UCL Institute of Jewish Studies
- Established: 1954
- Location: London, England
- Website: UCL Institute of Jewish Studies

= UCL Institute of Jewish Studies =

Academic institute in London, England

The UCL Institute of Jewish Studies is an institute located in London, England, dedicated to the academic study of all branches of Jewish history and civilization. It is a privately funded institute within the Department of Hebrew and Jewish Studies at University College London (UCL), the largest department of Hebrew and Jewish studies in Europe.

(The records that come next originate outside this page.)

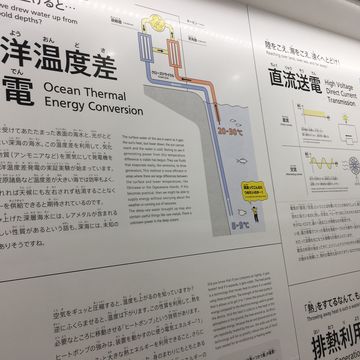 電力館
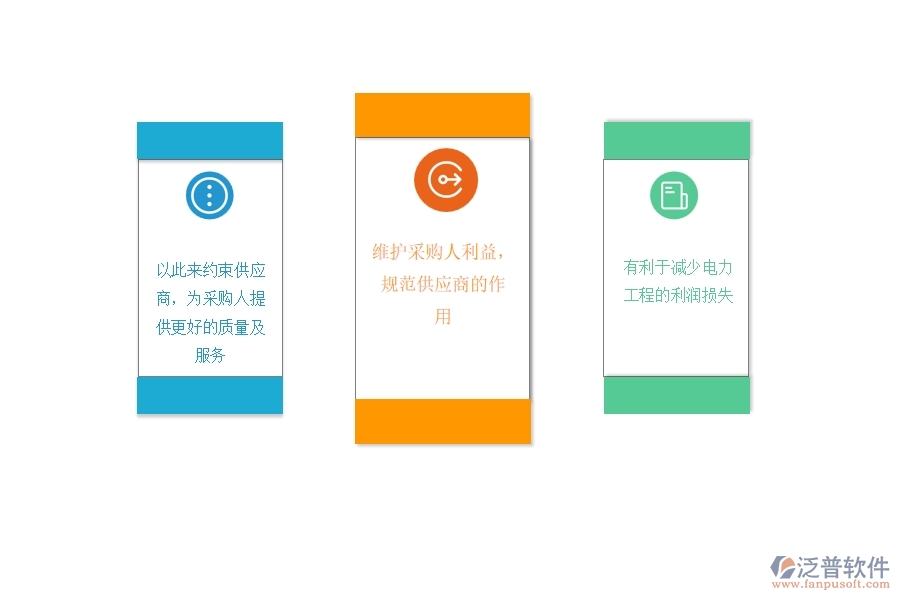合同質保金匯總表的必要性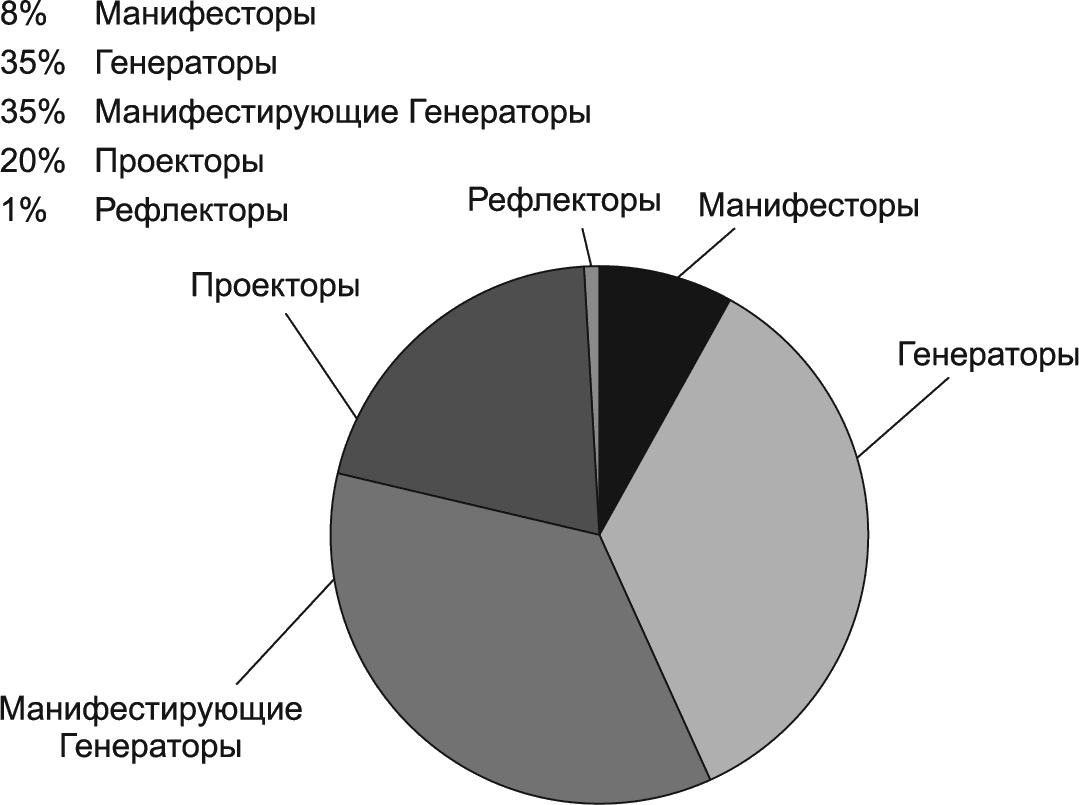 Знаменитые манифестирующие генераторы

The institute is located at the main UCL campus in Bloomsbury, close to the British Library, the Wiener Library, the Warburg Institute, Dr Williams's Library, the library of the School of Oriental and African Studies and the UCL Jewish Studies Collection, which houses the Moccatta Library, the Altman Collection and a substantial collection of unique Yiddish material. The staff and students are mostly Jewish, unlike other UK faculties for Jewish studies in the UK.

==History==

The institute was founded by Alexander Altmann in Manchester in 1954 as the Institute of Jewish Studies. In 1959, following the departure of Altmann as director, the institute moved to UCL.

Altmann's justification for the activities of the institute was given in a 1957 lecture to the Hillel Foundation of London (Ivry, Wolfson & Arkush 1998):

Being connected with our past, at home in our literature, and in sympathy with ourselves as it were, we shall find it easier to approach the ultimate questions.

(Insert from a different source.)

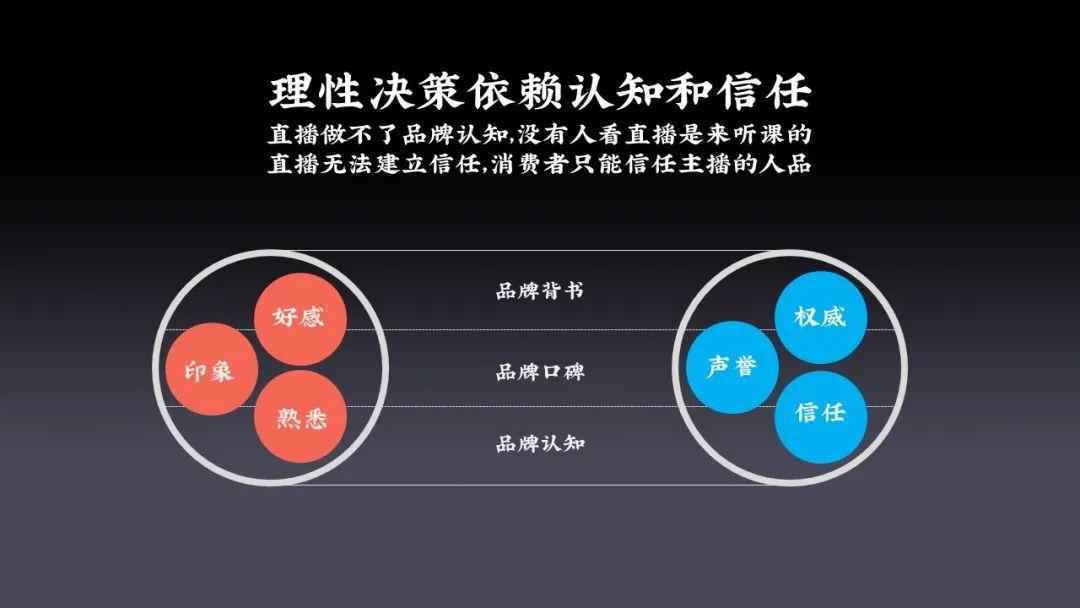 直播不是未来，打造新营销价值链才是。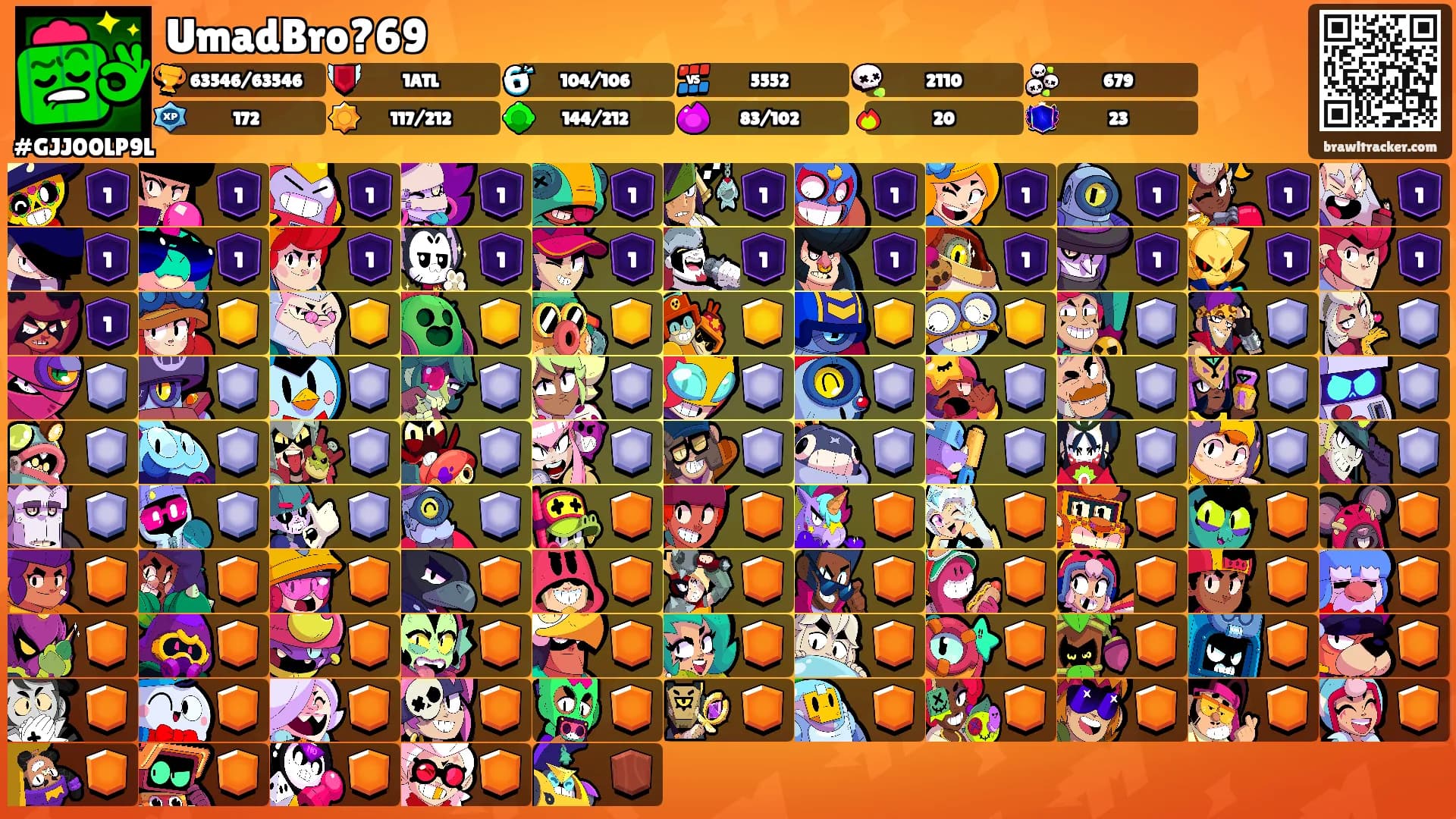 UmadBro?69's Ranks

Victor Mishcon became chairman of the institute in 1959.

==Activities==

===Events===

The institute organises public lectures, symposia and seminars throughout the academic year, where leading scholars from Europe, Israel and the United States communicate the results of their research to scholars, students and the public, thereby creating the opportunity for regular exchange of ideas and interests.

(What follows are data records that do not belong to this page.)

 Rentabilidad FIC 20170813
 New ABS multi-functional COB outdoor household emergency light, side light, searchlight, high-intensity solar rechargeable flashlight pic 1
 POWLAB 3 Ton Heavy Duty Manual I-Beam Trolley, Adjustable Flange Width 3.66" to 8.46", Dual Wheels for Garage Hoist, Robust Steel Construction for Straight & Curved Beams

The institute also hosts one or more major international conferences annually, which focus on significant themes relating to Jewish civilisation, and bring together eminent scholars from different countries working in the same or allied fields of research.

===Research===

The institute regularly sponsors research projects by postgraduates and scholars in important academic fields.

===Publications===

The institute sponsors the publication of its conference proceedings and other academic works in co-operation with publishers, including Cambridge University Press, Oxford University Press, and the Littman Library of Jewish Civilisation.